PhonePe, India’s leading digital payments and financial services platform backed by Walmart and global investors, has cleared the regulatory hurdle needed to launch its Initial Public Offering (IPO) after receiving approval from the Securities and Exchange Board of India (SEBI). The much-anticipated listing, expected to go live in early to mid 2026, is projected to raise about ₹12,000 crore through an Offer for Sale (OFS) and could value the company close to $15 billion making it the second-largest fintech IPO in the country after Paytm’s.
Author : Aashiya Jain | EQmint | FinTech News
SEBI Approval Opens the Door to Public Markets
PhonePe’s IPO journey gained significant momentum on 20 January 2026 when SEBI granted its nod to the fintech’s draft filing, a major regulatory milestone. Rather than issuing new shares the IPO is likely to be structured as a pure Offer for Sale (OFS) meaning existing shareholders such as Walmart Tiger Global and Microsoft will sell a portion of their holdings unlocking liquidity after years of private investment.

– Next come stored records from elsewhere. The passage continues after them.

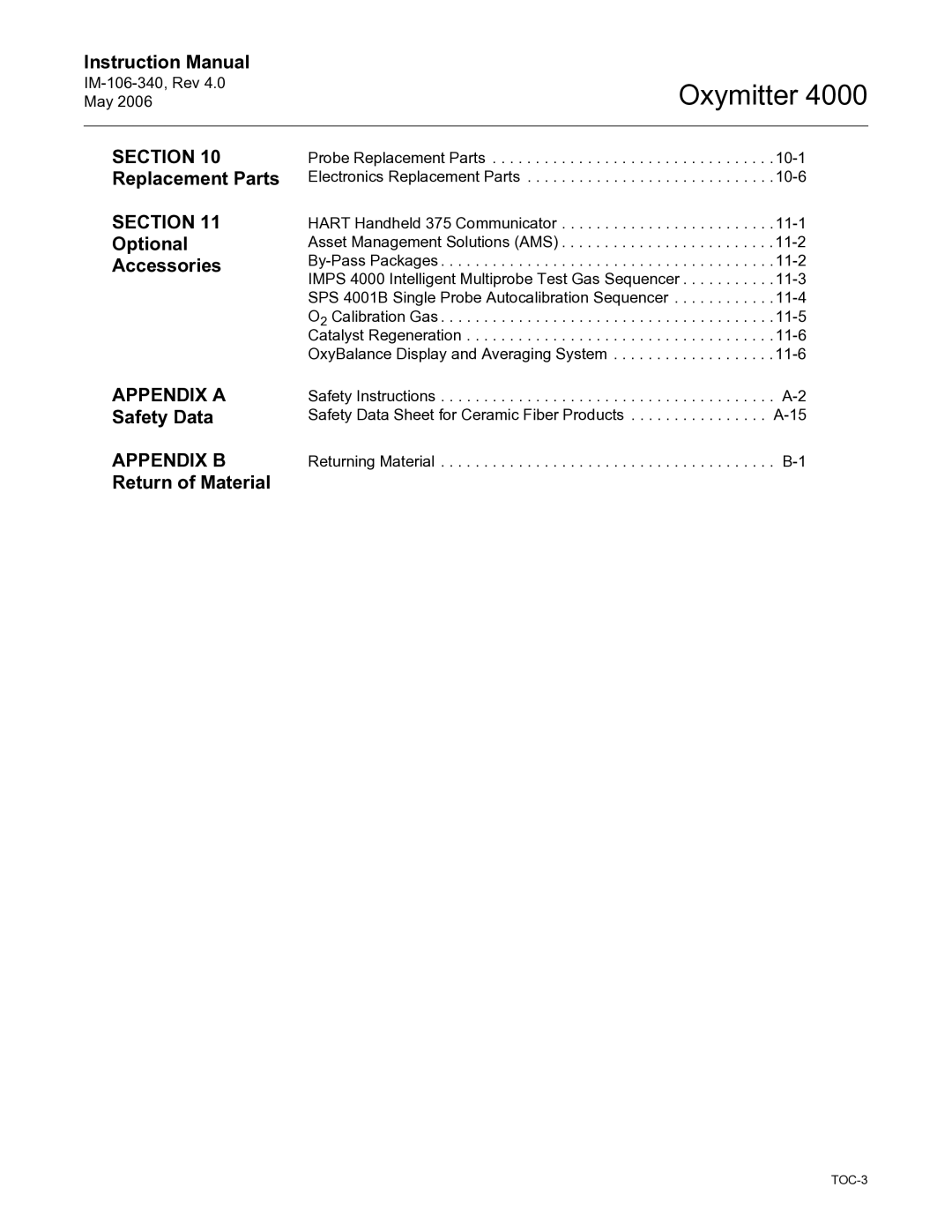 Emerson Process Management IM-106-340 instruction manual Replacement Parts, Optional Accessories, Appendix a 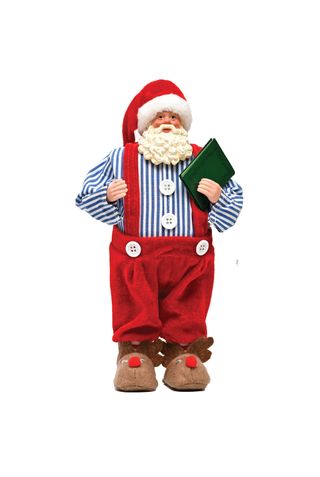 741753 თოვლის ბაბუა წიგნით და ჭიქით 30სმ, წითელი, კობა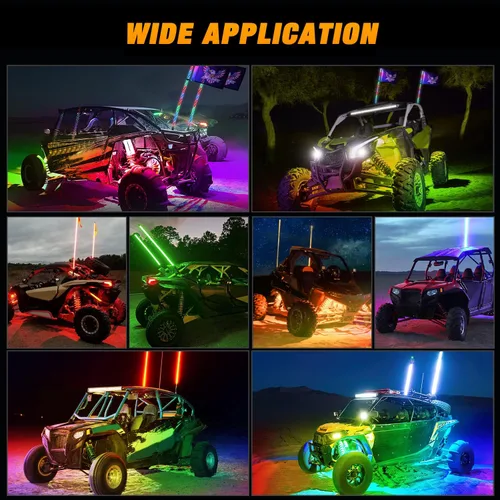 Miniatura 8 de Nilight Juego de 2 luces LED RGB de 3 pies y 4 luces de rock, control remoto y aplicación con patrones de persecución de bricolaje, antena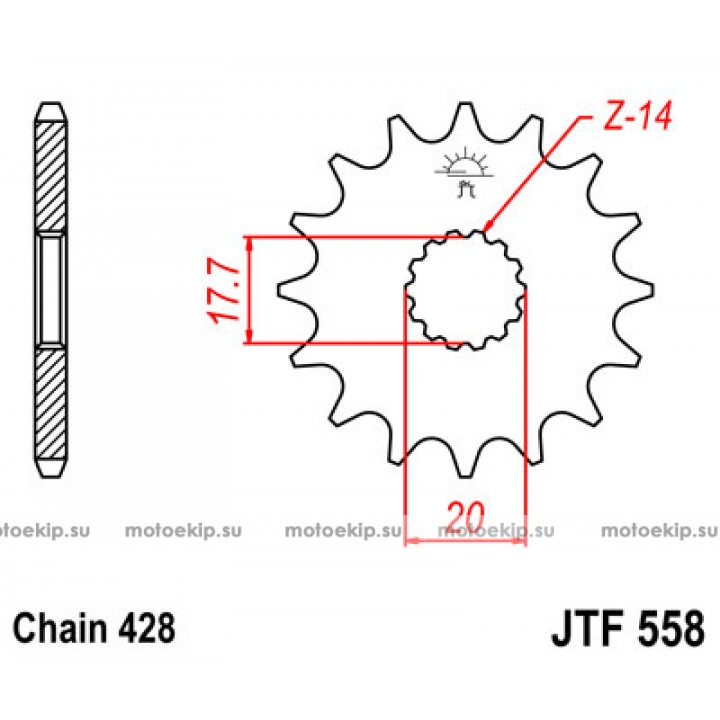 JTF558.14 Звезда передняя 428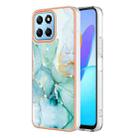 For Honor X8 5G Electroplating Marble Dual-side IMD Phone Case(Green 004) - 1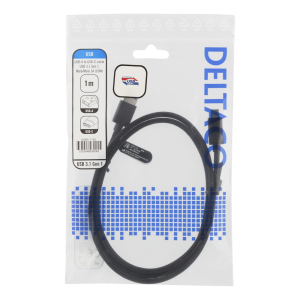 Deltaco USB 3.1 Gen1 Type-A / Type-C Laidas | Black, 1 m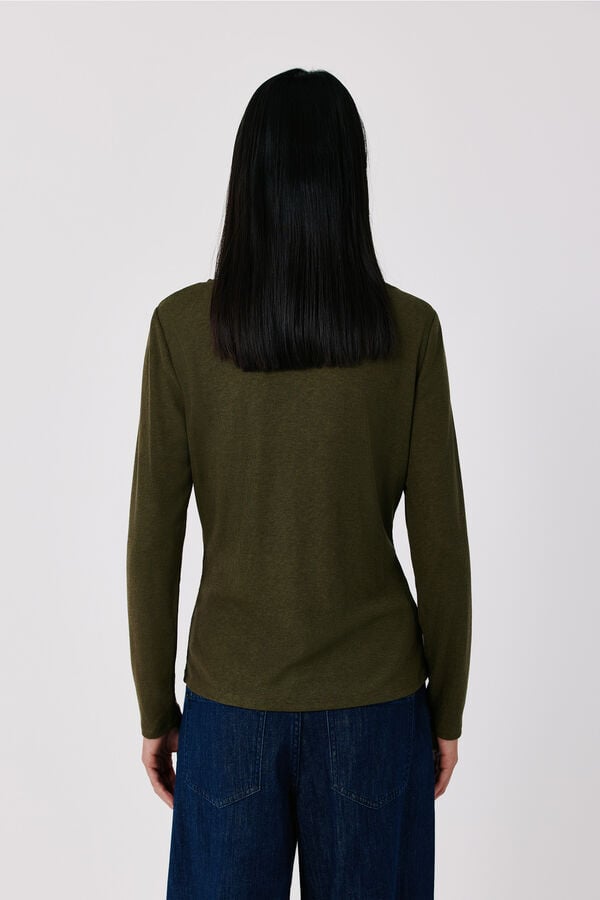 Cortefiel Lace neckline T-shirt Kaki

Under this structure PhonePe is expected to offer about ₹12000 crore worth of shares to the public with no fresh capital being raised directly by the company. Depending on market response and final pricing this could translate to a valuation of around $15 billion (roughly ₹135 lakh crore) reinforcing PhonePe’s position as one of India’s most valuable fintech businesses.
A Look Back at PhonePe’s Growth Story
PhonePe’s origins go back to December 2015 when it was founded by Sameer Nigam Rahul Chari and Burzin Engineer out of Flipkart’s ecosystem. Since then the platform has evolved from a mobile payments app to a comprehensive financial services player offering UPI payments digital wallets stock broking insurance distribution and more.
Today it processes billions of transactions each month and commands roughly 45% of India’s Unified Payments Interface (UPI) market with competitors like Google Pay trailing behind. Over the years PhonePe has raised nearly ₹18000 crore in private capital with its last major funding round valuing the company at about $12 billion in 2023-24.
Walmart for its part holds a majority stake following its acquisition of Flipkart, and by extension PhonePe, providing strong strategic backing for its public debut. Financially the company has shown considerable improvement. For FY25 PhonePe reported operating revenue of over ₹7115 crore up more than 40% year-on-year while narrowing losses compared to previous years. It has also begun generating positive free cash flow a key indicator investors often look for in IPO candidates.
What Investors Can Expect from the IPO
For institutional investors PhonePe’s IPO represents an opportunity to invest in a market leader with a strong user base and diversified fintech offerings. Institutions typically focus on long-term structural growth and are likely to value PhonePe’s dominant position in digital payments expanding services and improving financial metrics. For retail investors the PhonePe IPO could be equally intriguing, but it comes with important considerations.
Unlike many IPOs that create fresh equity and growth capital for the company PhonePe’s OFS means no new funds will flow into the business directly. Instead the IPO provides an exit route for existing investors. This difference may impact the way retail investors think about long-term value versus short-term price movements once the stock starts trading.
Additionally because fintech valuations can be sensitive to broader market sentiment timing and pricing will play critical roles in determining how the retail tranche performs at listing. Historically high-profile IPOs have generated excitement and early trading gains but they also carry volatility and depend heavily on subscription demand at launch.
Where This IPO Stands in India’s Fintech Landscape
If PhonePe achieves its target valuation it will surpass many of its fintech peers and become one of the biggest tech listings in India’s history, second only to Paytm’s IPO in 2021 which had raised ₹18300 crore at a valuation near $20 billion.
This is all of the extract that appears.